Шелаевский рудник[14 - Под именем Шелаевского рудника Якубович изобразил Акатуйский рудник, в котором работали еще декабристы. На Акатуйском деревенском кладбище, по свидетельству Якубовича, находился памятник над могилой декабриста М. С. Лунина. В брошюре Л. Мельшина- П. Якубовича "Вместо Шлиссельбурга" описывается история создания этой "образцовой" каторжной тюрьмы: "…в конце 80-х годов прошлого столетия, когда правительство Александра III решило вернуться в отношении политических каторжан к режиму жесткой николаевской эпохи и поставить их в одинаковые с уголовными условия жизни, – оно вспомнило опять об Акатуе и… начало строить там "образцовую" тюрьму, размером на 150 человек, где политические должны были жить и работать вместе с уголовными" (Л. Мельшин. Вместо Шлиссельбурга. СПб., 1906, стр. 14, 15).]

– Здравствуй, забытый рудник!

– Там, где вчера привиденья бродили,

Нетопыри боязливые жили,

Горя и злобы не слышался крик,

– Вновь замигала свеча трудовая.

Снова гранитное сердце горы

Гложут, как черви, стальные буры,

Молот сурово звучит, не смолкая,

Лязгают звенья тяжелых цепей,…

Кто здесь томился в минувшие годы?

Вы ли, святые страдальцы свободы,

Темные ль жертвы нужды и страстей?

Крест был один – и, собрат по мученьям,

Вас я одною семьей признаю:

Братский привет одинаково шлю

Вашим бездомным замученным теням!

Нет, не бесследно в могиле живой

Вы, надрываясь, мозолили руки:

Вас уже нет, но живут ваши муки,

Тайно витают вокруг надо мной…

– Бедные призраки, скорбные тени,

Вам я великую клятву даю

– Вылить в заветную песню мою

Все ваши слезы, и вздохи, и пени.

    П. Я.[15 - Этот эпиграф запрещался цензурой во всех изданиях "Мира отверженных" до 1907 года. Как отдельное стихотворение "Шелаевский рудник" опубликован в сборнике стихотворений П. Я. (П. Ф. Якубовича) в издании 1898 года. Вызванному в цензурный комитет В. Г. Короленко удалось отстоять это стихотворение при условии пропуска стиха "Вы ли, святые страдальцы свободы…", посвященного декабристам, отбывавшим каторгу в Акатуе.]

1. Встреча

В Нерчинском каторжном районе сосредоточивается около десяти рудников, где арестанты отбывают сроки своего наказания. Несколько тюрем помещается на Каре- там моют золото. Кара издавна пользуется среди арестантов славою наиболее тяжких работ; имя "варвара" Разгильдеева до сих пор гремит по всему Забайкалью, и хотя в последнее время карийские каторжные тюрьмы превратились в простые места высидочного заключения, где не только не моют золота, но и вообще никаких работ не производят, однако и теперь еще имя "карийца" окружено значительным ореолом. Начинают, впрочем, прорываться и иронические нотки в отношениях к тем, кто побывал на Каре.

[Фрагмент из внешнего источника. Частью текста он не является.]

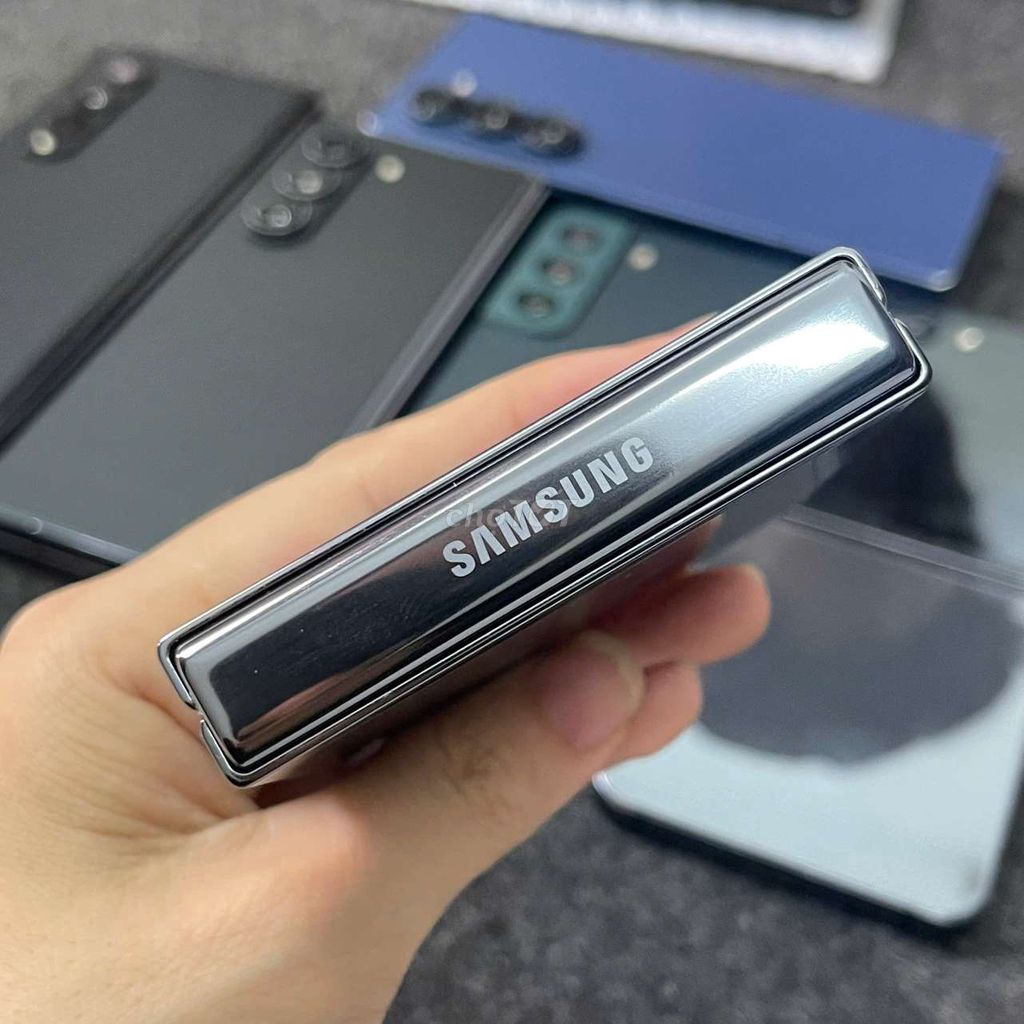 Samsung Galaxy Z Flip5 Xám Đã sử dụng. Mua bán Điện thoại tại Quận Thanh Xuân Hà Nội được đăng bởi nguyễn nga hình 1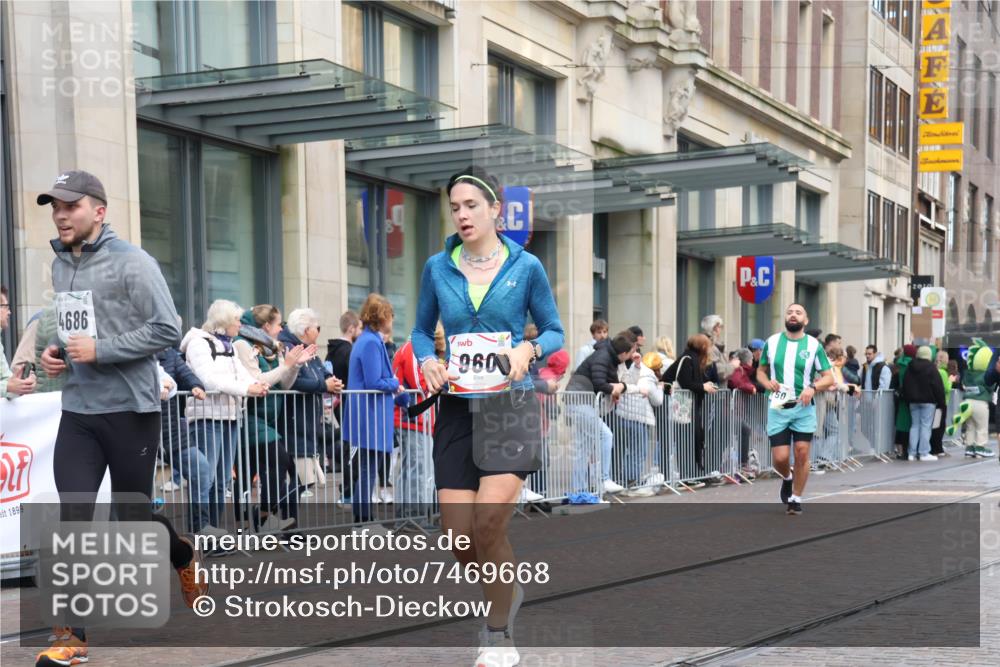 06.10.2024 - 19. swb-Marathon Bremen Strokosch-Dieckow http://msf.ph/oto/7469668 06.10.2024 14:06:34 Laufen 325, 960, 1052, 2112, 2193, 2250, 2647, 2689, 2730, 2889, 3055, 3061, 3405, 3595, 3619, 3784, 4152, 4686, 4714, 4776, 5164, 5237, 5279, 5385, 5444, 5952, 6144, 6229, 6372, 6532, 6651, 6750 meine-sportfotos.de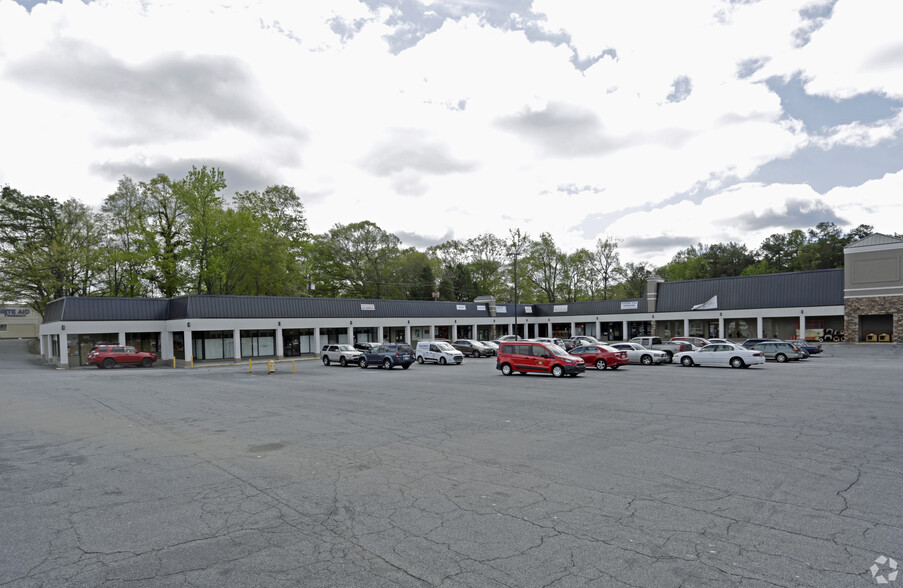 3951-3987 Lawrenceville Hwy, Tucker, GA for lease - Building Photo - Image 2 of 3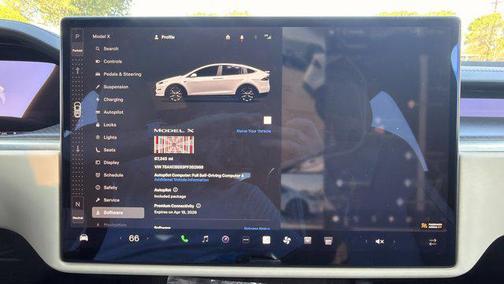 Pearl White Multi-Co 2024 Tesla Model X Plaid Tri Motor All-Wheel Drive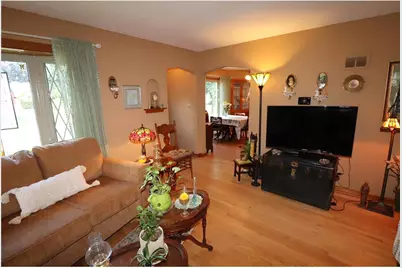 2141 S Livingston Terrace, West Allis, WI 53219 - Photo 21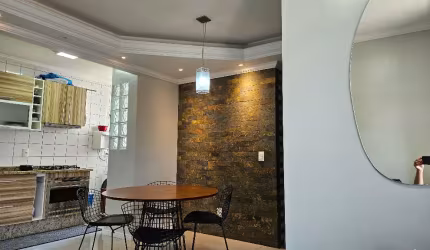 Apartamento semi-mobiliado com 03 quartos à venda no bairro São Marcos em Joinville-SC por R$ 345.000,00.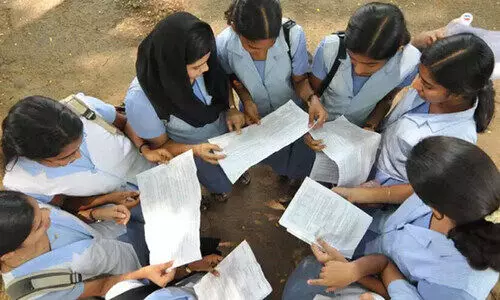 എസ്.എസ്.എൽ.സി ഫലം: രണ്ടാംസ്ഥാനത്തേക്ക് കുതിച്ച് എറണാകുളം ജില്ല എസ്.എസ്.എൽ.സി ഫലം: രണ്ടാംസ്ഥാനത്തേക്ക് കുതിച്ച് എറണാകുളം ജില്ല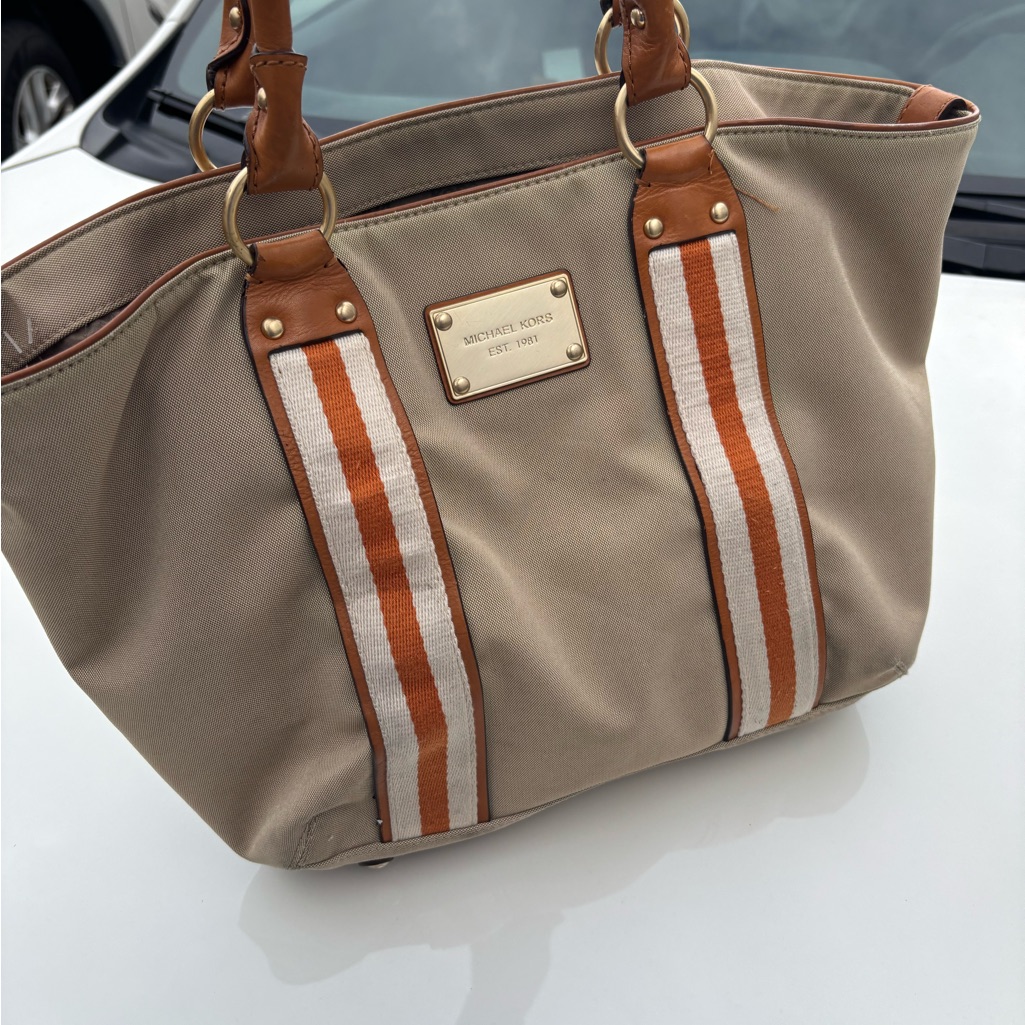 Michael Kors Beautiful Shoulder Bag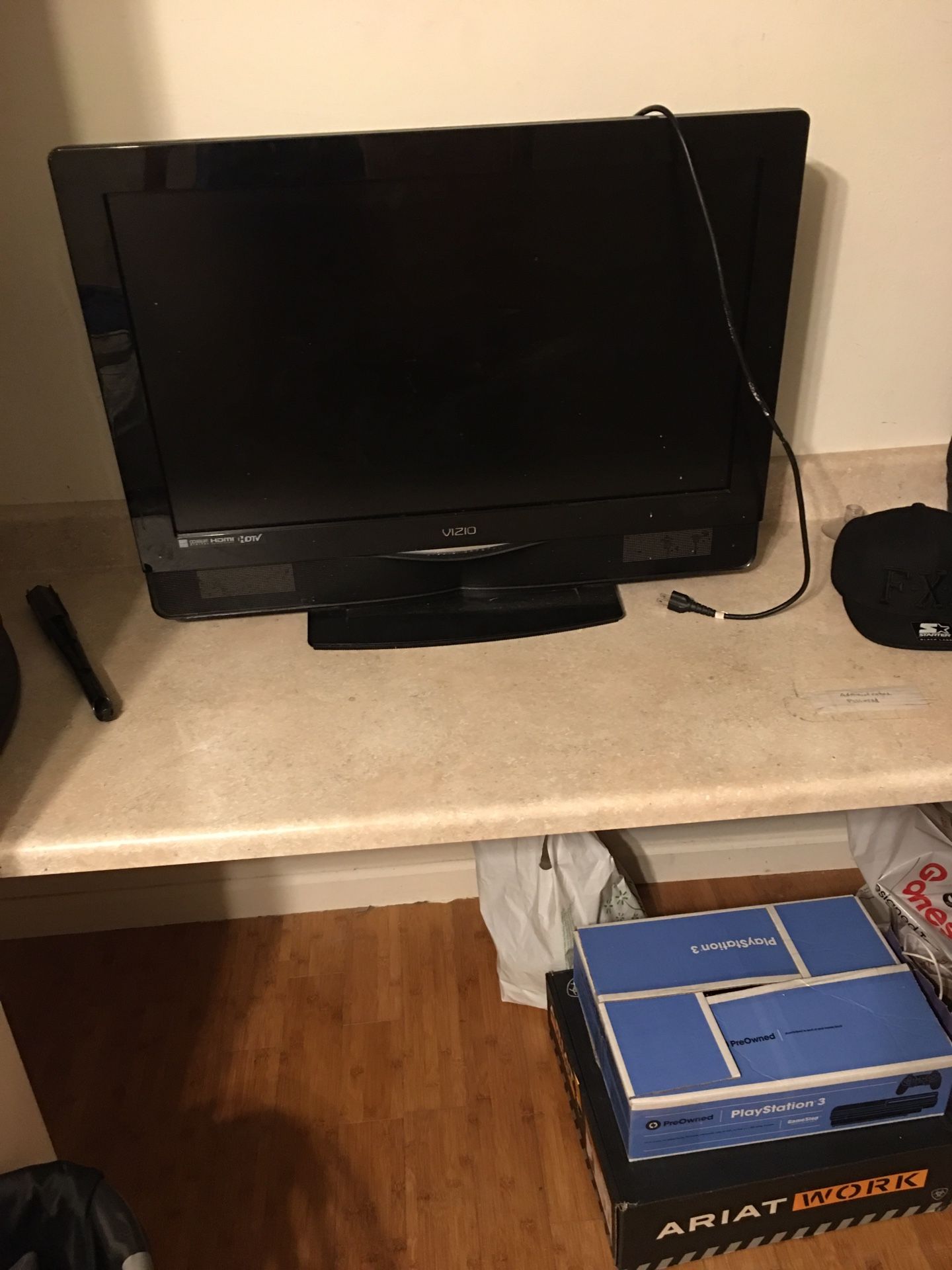 32” Visio flat screen tv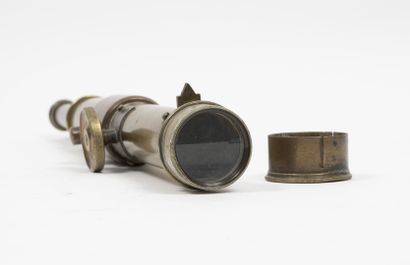 EUROPE, fin du XIXème siècle Corps de petite lunette astronomique en laiton et cuivre,...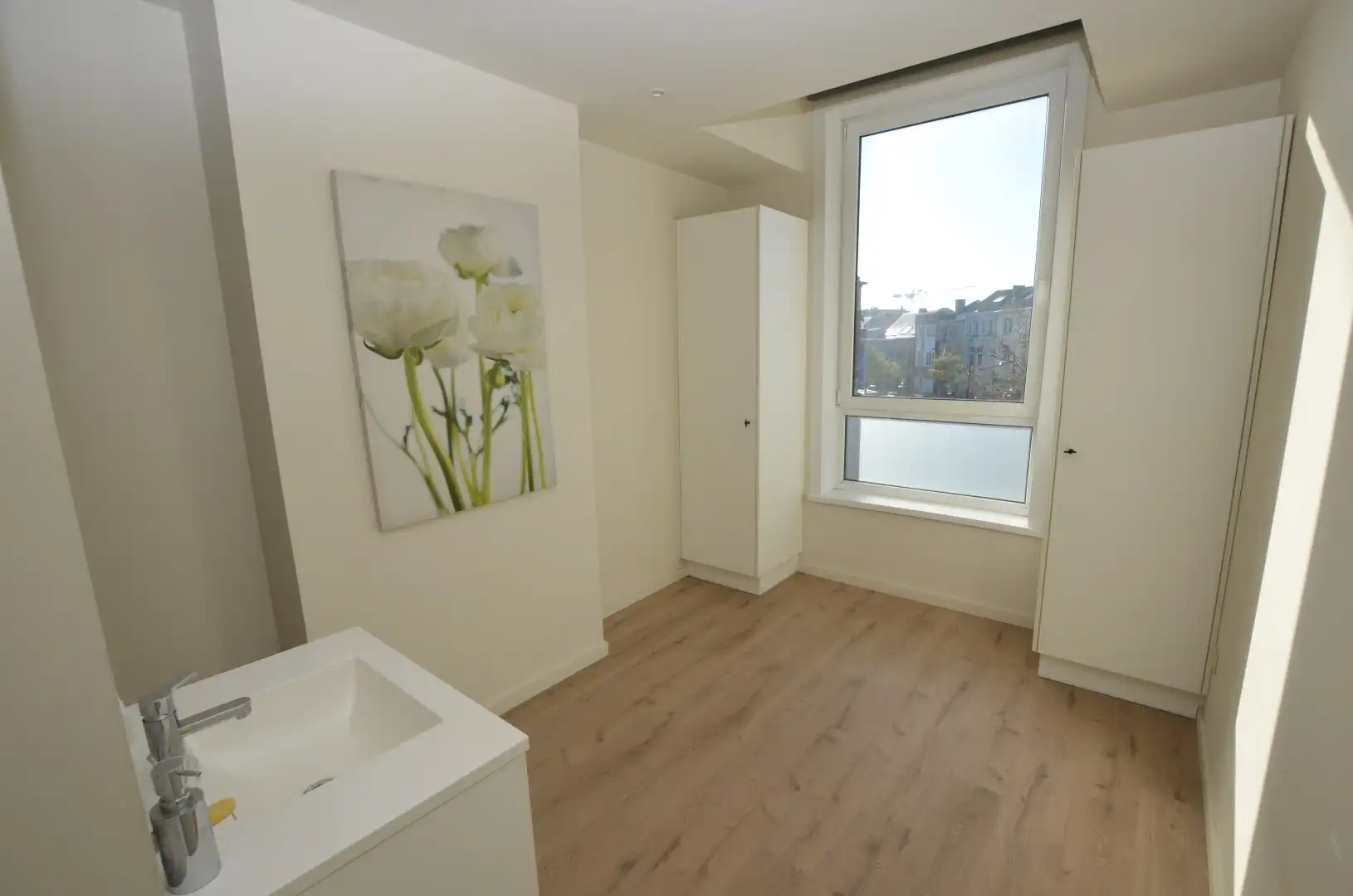 Gerenoveerd ruim woonhuis foto 3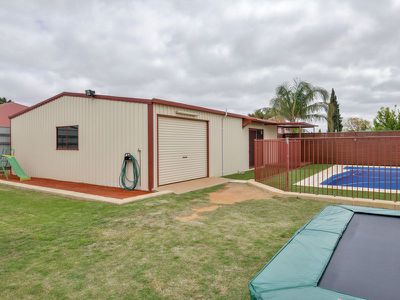 25 Longmore Parade, Broadwood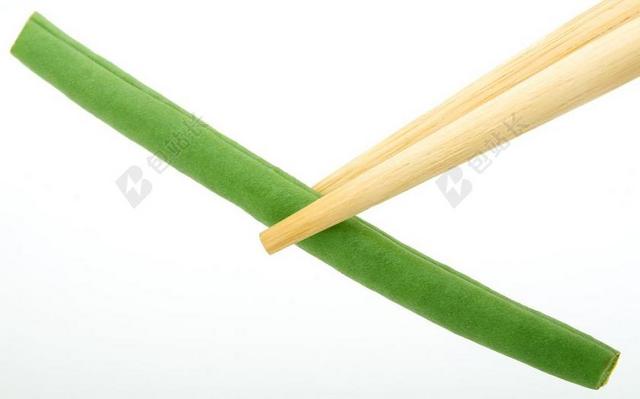 餐饮清新筷子夹豌豆背景图片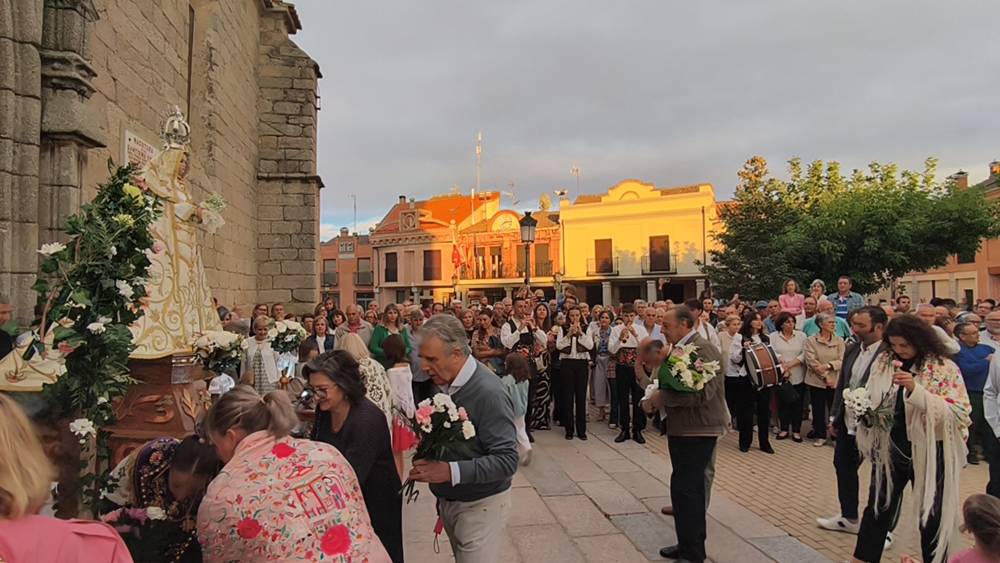 Flores para la Virgen de la Encina de Macotera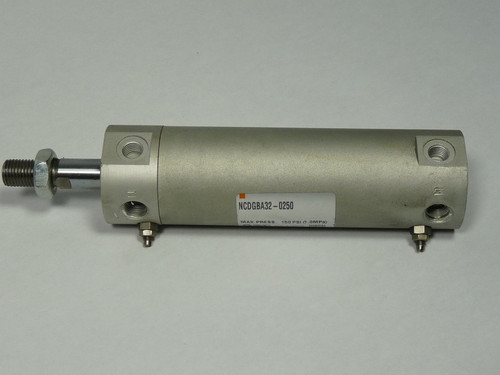 SMC NCDGBA32-0250 Pneumatic Cylinder 32mm Bore 2.5" Stroke USED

– Он много, братцы, горя видал! Он на Каре был! – говорят про кого-нибудь и разражаются гомерическим хохотом.[22 - В июне 1893 года уничтожена на Каре последняя тюрьма; в Карийском районе нет больше ни одного арестанта. Золотые прииски отданы в частные руки. (Прим. автора.)]

В Алгачинском, Зерентуйском, Кадаинском, Покровском, Мальцевском и Акатуйском рудниках достают серебряную руду; в Кутомаре плавят добытую руду и выделяют из нее серебро. Последняя работа самая тяжелая и нездоровая. Некоторые из перечисленных рудников близки к истощению и требуют очень мало рабочих рук. В других, напротив, почти каждый год открываются новые рудоносные жилы; туда направляется наибольшее количество арестантов и там строятся огромные тюрьмы, могущие вмещать по тысяче человек. Назначение арестанта в тот или другой пункт зависит всецело от случая. Меня назначили на Шелай, в новенькую, только что отстроенную тюрьму, где могло поместиться не больше ста пятидесяти человек. Рудник, к которому она принадлежала, долгое время заброшенный, теперь только что возобновляли. Доходов от него в течение многих и многих лет нельзя было ожидать, так как требовались огромные предварительные работы для осушения старых шахт и выработок; устраивая эту маленькую тюрьму, начальство имело в виду главным образом произвести опыт образцовой каторжной тюрьмы, наподобие заграничных. В последние годы, слышно, во всей Нерчинской каторге заведены те же порядки, какие были при мне в Шелаевской или, как говорили в просторечии, в Шелайской тюрьме; но в то время, когда их только что заводили, они являлись для арестантов страшилищем, как что-то новое, никому еще не ведомое.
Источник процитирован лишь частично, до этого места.